The defendants are among 11 men — all but one from the Washington suburbs — who originally were indicted in June on weapons counts and charges of training with Lashkar-i-Taiba, a group trying to drive India from Pakistan. The U.S. government has labeled the group a terrorist organization and said the defendants’ crimes took place over several years, starting in February 2000. Seven of the men were charged again in September in an updated indictment that accused two of them of conspiring to provide material support to al Qaeda and to the Taliban regime in Afghanistan.
Six of the men have pleaded guilty, and prosecutors indicated yesterday that their testimony would be key to the trial. . . .
Other defendants now on trial are Hammad Abdur-Raheem (who is not related to Caliph); Seifullah Chapman; and Masoud Ahmad Khan. Chapman and Hammad Abdur-Raheem are charged with firearms violations and conspiracy counts relating to Lashkar-i-Taiba. Khan faces the most serious charges: conspiracies to support al Qaeda and the Taliban and to levy war against the United States.

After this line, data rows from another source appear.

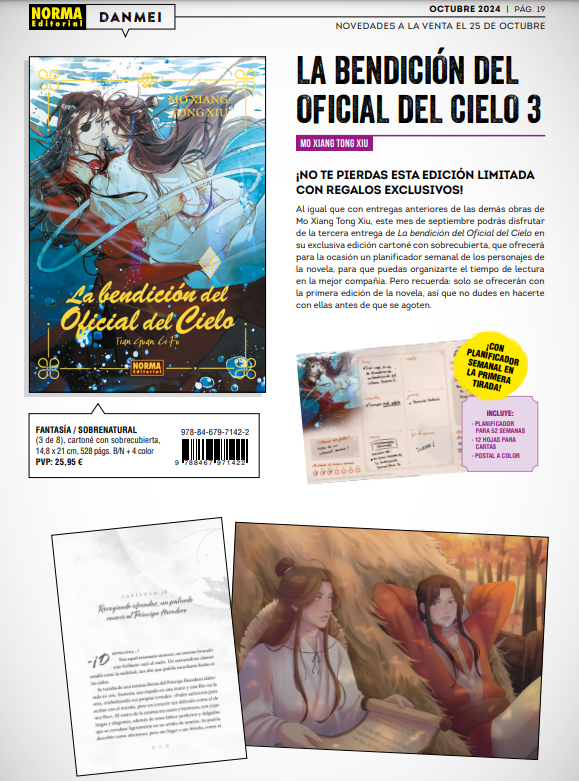 La Bendición del Oficial del Cielo 03 (Tapa Dura) - Imagen 3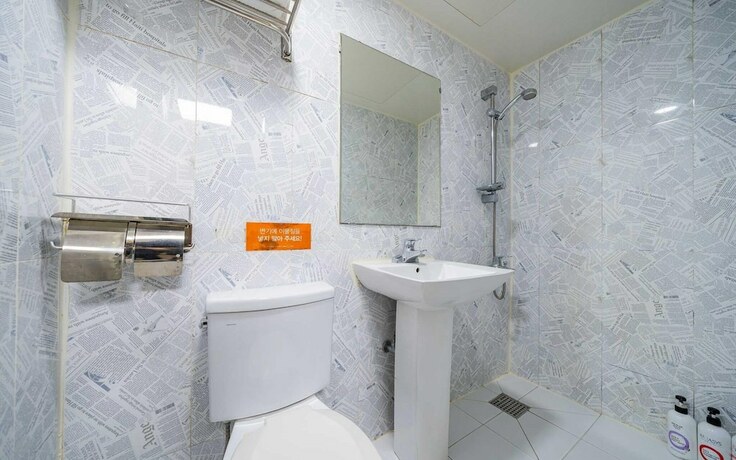 Sangbong Y - carbon neutral hotel in Seoul
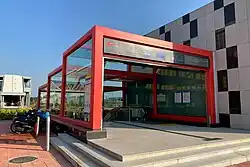 Entrance B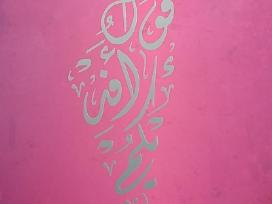 Sumud reiškia „tvirtybė". Palestiniečių kelias.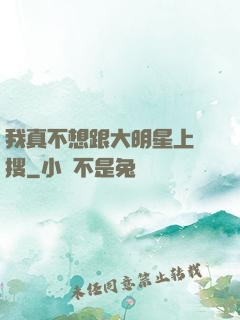 我真不想跟大明星上熱搜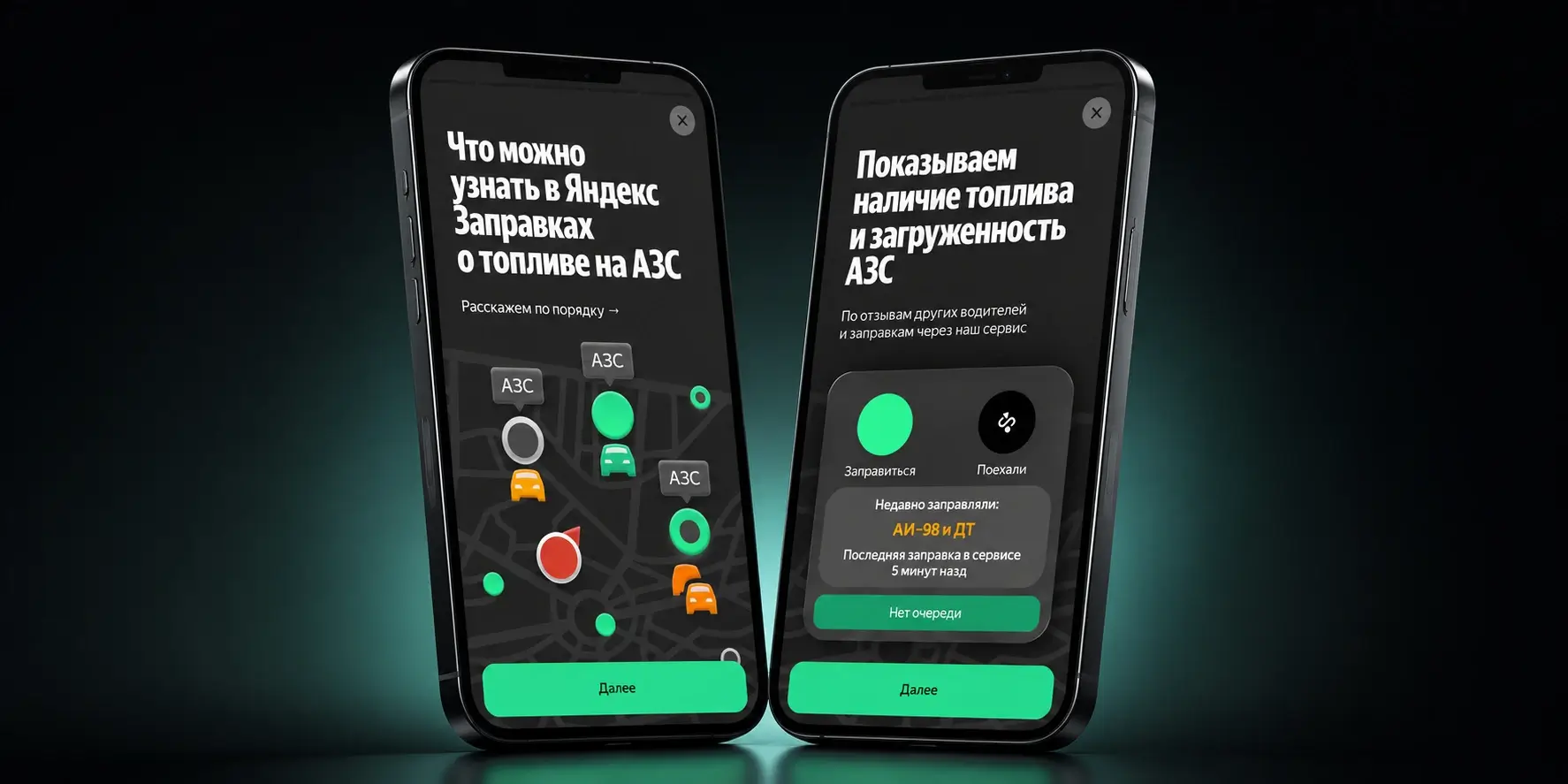 Яндекс запустил карту наличия топлива на АЗС для всех пользователей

U.S. District Judge Leonie M. Brinkema will decide on the verdicts, because the defendants waived their rights to a jury trial. Defense attorneys said they feared that a Northern Virginia jury could not be fair to Muslim men facing allegations involving terrorism. The final defendant in the case, Sabri Benkahla, is scheduled to go on trial in March. . . .
Bernard Grimm, an attorney for Khan, disputed Kromberg’s contentions that the case is not about the men’s religion.
“This case is emphatically about Islam,” he said, describing it as a faith that “requires you, in fact it is incumbent upon you, to always protect yourself and your family.”
Foreshadowing a likely defense strategy, Grimm criticized the cooperators as having changed their stories.
And he minimized the paintball games, which the defendants acknowledge having played, as “totally innocent.”
He compared the games to a softball team that prosecutors might have at their law firm.